Le chef du gouvernement arménien a souligné que lorsqu’un événement concerne directement l’Arménie, le pays se doit d’exprimer clairement sa position.
« Un événement lié à l’Arménie s’est produit, et l’Arménie doit exprimer son attitude. Nous exprimons une attitude positive à l’égard de cet événement », a-t-il affirmé, expliquant avoir remercié à plusieurs reprises le président azerbaïdjanais parce qu’il ne s’agissait pas d’un seul fait, mais de plusieurs décisions successives.
Parmi celles-ci, Nikol Pachinian a cité la levée de l’interdiction d’importation de céréales, d’abord en provenance du Kazakhstan, puis de la Russie.

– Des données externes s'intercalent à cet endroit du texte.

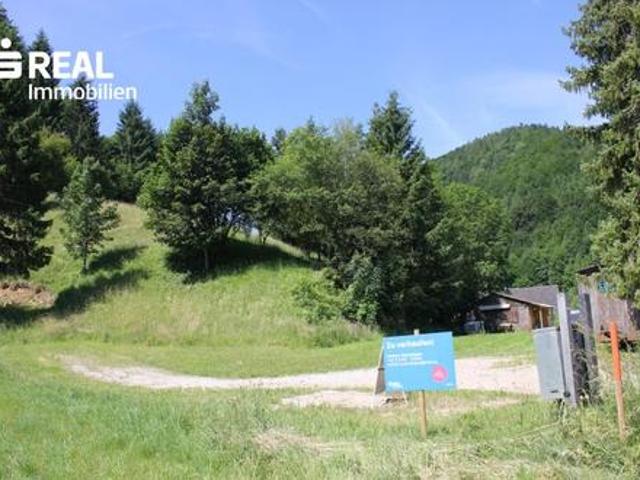 Grundstück kaufen in Gresten, Niederösterreich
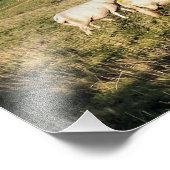 IMPRESSION PHOTO SHEEP DE MONTAGNE (Coin)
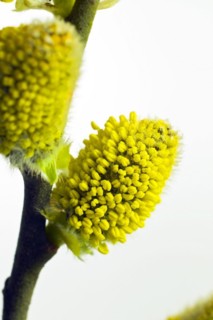 Flowering willow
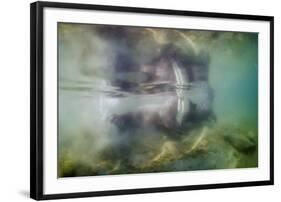 Underwater Walrus and Calf in Hudson Bay, Nunavut, Canada-Paul Souders-Framed Photographic Print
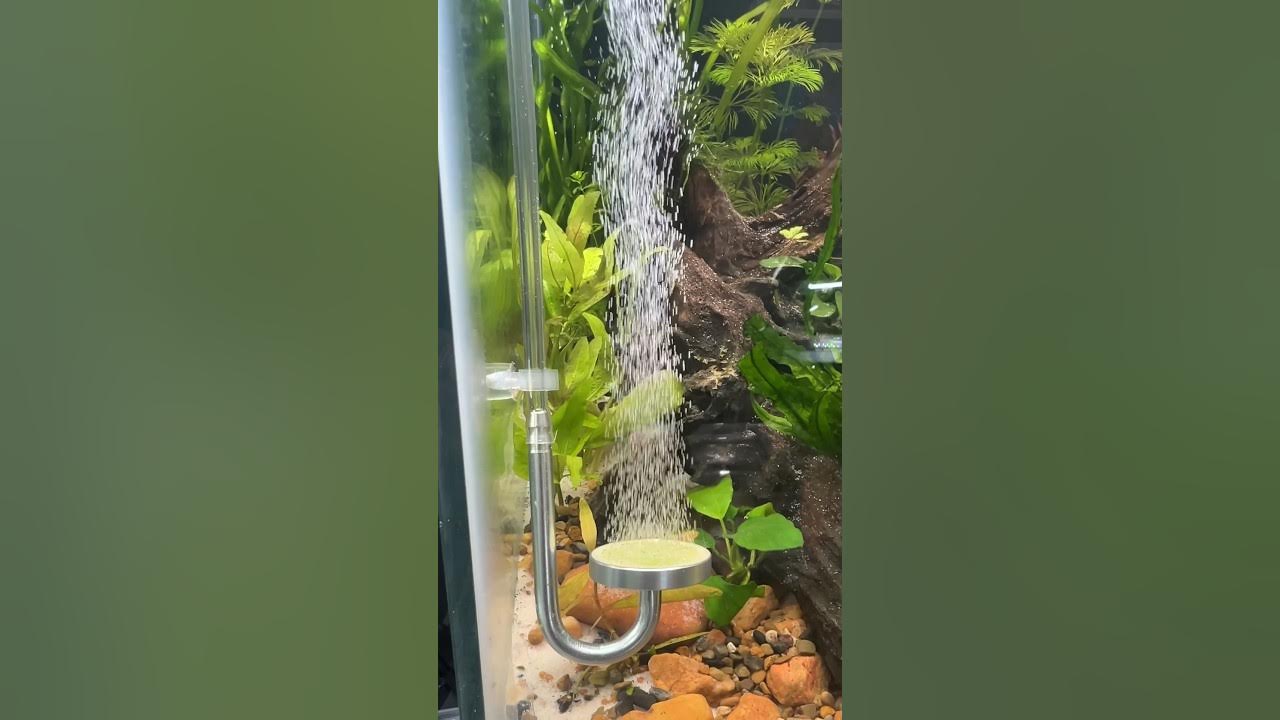 Testing out this DIY CO2 kit for my dirted aquarium! #freshwateraquarium Testing out this DIY CO2 kit for my dirted aquarium! #freshwateraquarium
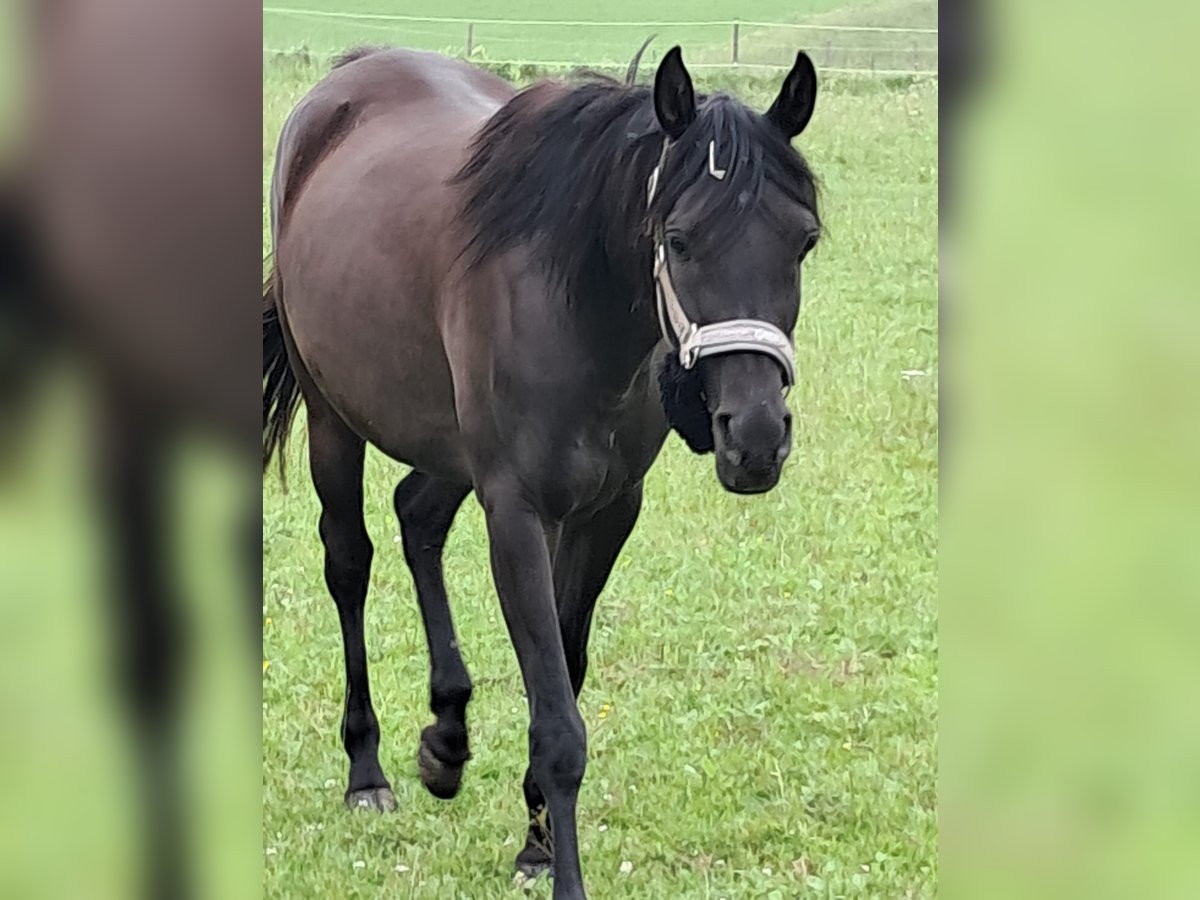 Arabo Egiziano Giumenta 6 Anni 154 cm Morello in Balingen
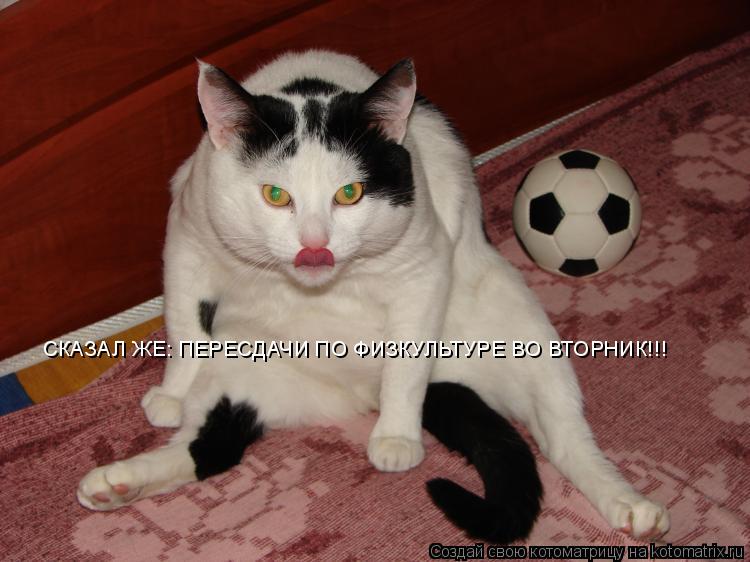 СКАЗАЛ ЖЕ: ПЕРЕСДАЧИ ПО ФИЗКУЛЬТУРЕ ВО ВТОРНИК!!!... Котоматрица: СКАЗАЛ ЖЕ: ПЕРЕСДАЧИ ПО ФИЗКУЛЬТУРЕ ВО ВТОРНИК!!!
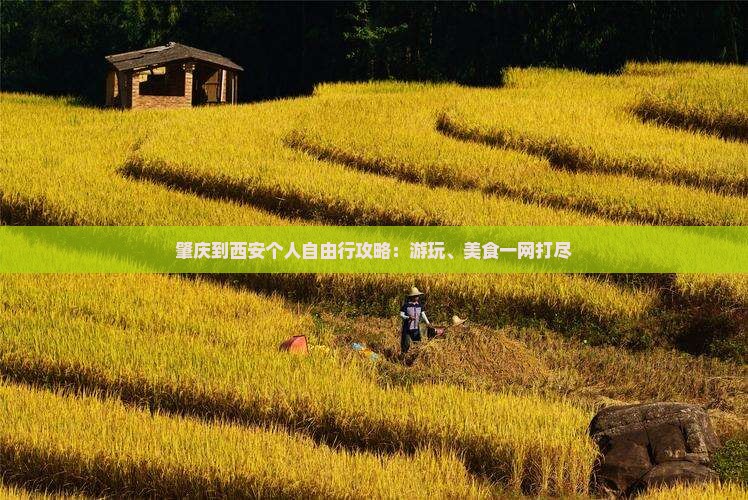 肇庆到西安个人自由行攻略：游玩、美食一网打尽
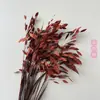 Hierba Xiao Pan Flor Eterna Yunnan Fábrica de Flores Secas Venta al por Mayor Nuevos Clientes Disfrutan de Buenos Regalos Regalo de Navidad Accesorios para Sesiones de Fotos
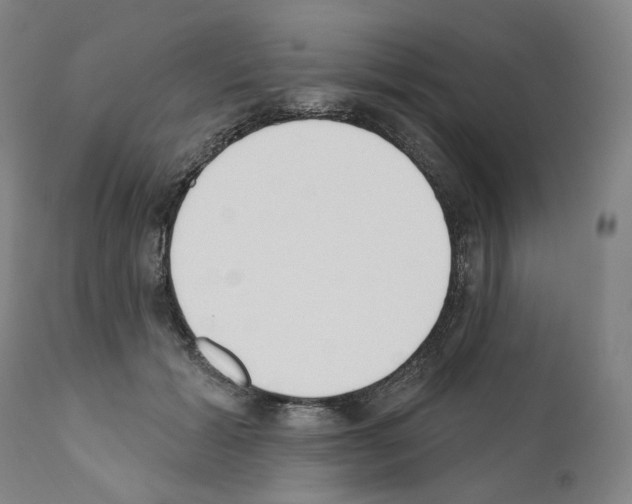 X0000110900605200907301608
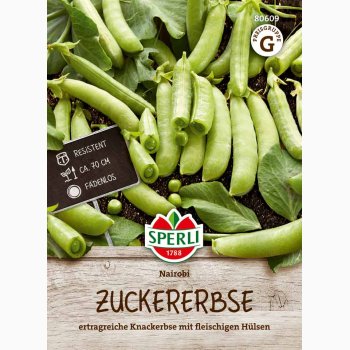 Zuckererbse Nairobi - Sukkerrt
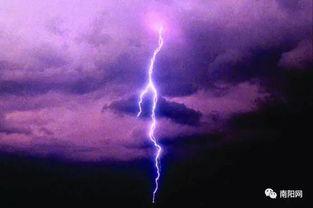 吃瓜紫色闪电,揭秘神秘吃瓜界的传奇人物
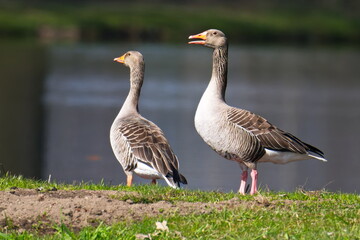 Graugänse Paar  im Frühjahr in der Oberlausitz  © Karin Jähne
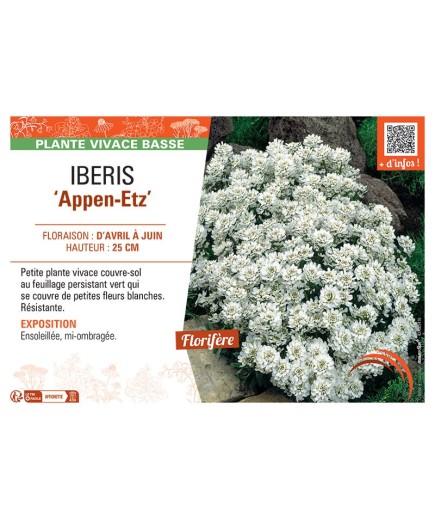 IBERIS APPEN-ETZ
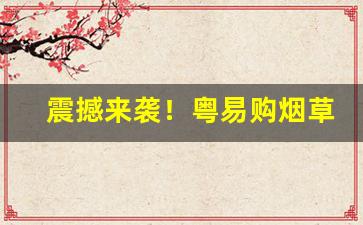 震撼来袭！粤易购烟草网上订货官网下载“奔腾澎湃”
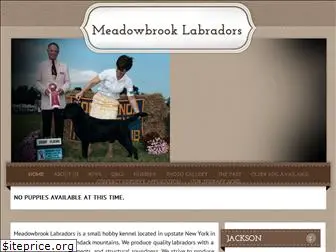 meadowbrooklabs.net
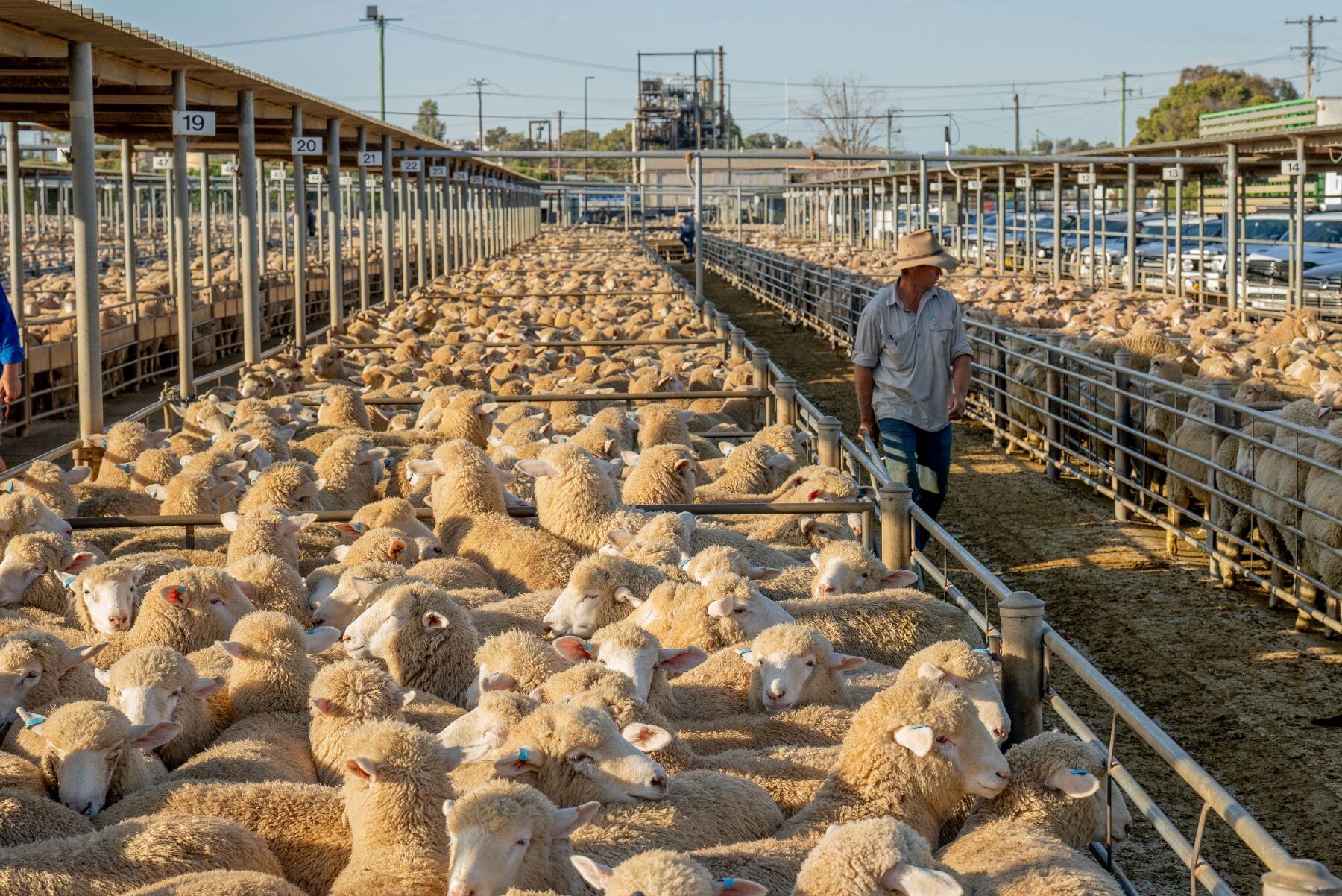 Price gap widens between light and restocker lambs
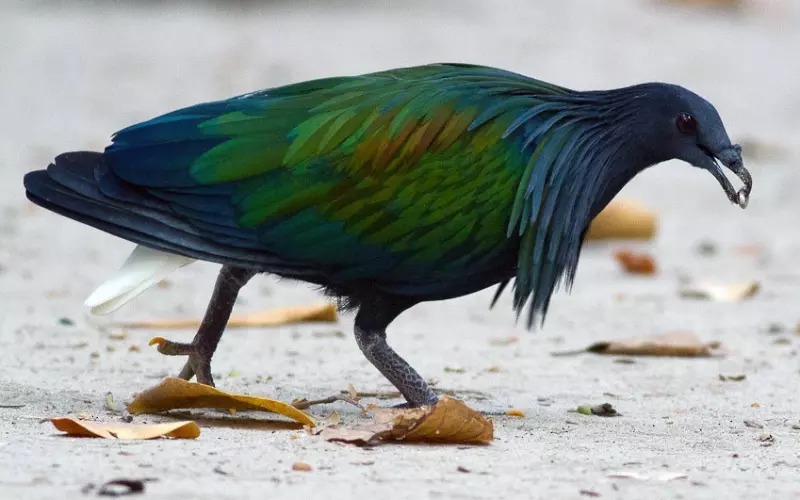 Nicobar pigeon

Il a également rappelé la suppression des restrictions concernant le transit ferroviaire depuis l’Arménie dans le sens inverse, notant toutefois que ce mode de transport reste peu utilisé. Selon lui, cela s’explique par les difficultés liées à la consolidation de volumes suffisants de marchandises pour remplir des convois ferroviaires, le secteur entrepreneurial arménien fonctionnant encore largement à l’échelle du transport routier par camions.
Le Premier ministre a en outre indiqué que l’Azerbaïdjan a exprimé sa disposition à vendre des produits pétroliers aux entrepreneurs arméniens. À la suite de cette décision, un premier convoi ferroviaire est déjà arrivé en Arménie, et les produits pétroliers ont fait leur apparition sur le marché intérieur.
« Il aurait été étrange de ne pas exprimer notre position face à cela. J’exprime notre attitude, et je fais bien de le faire », a insisté Nikol Pachinian, appelant à évaluer l’ampleur réelle de ce qui se produit.
« Il est très important de mesurer l’importance des changements intervenus… La paix est désormais une réalité, et elle a une traduction concrète », a-t-il conclu.
Ces déclarations s’inscrivent dans un contexte de dynamique de normalisation entre l’Arménie et l’Azerbaïdjan, où des avancées pratiques dans les domaines du commerce et du transit commencent à se refléter dans la vie économique quotidienne.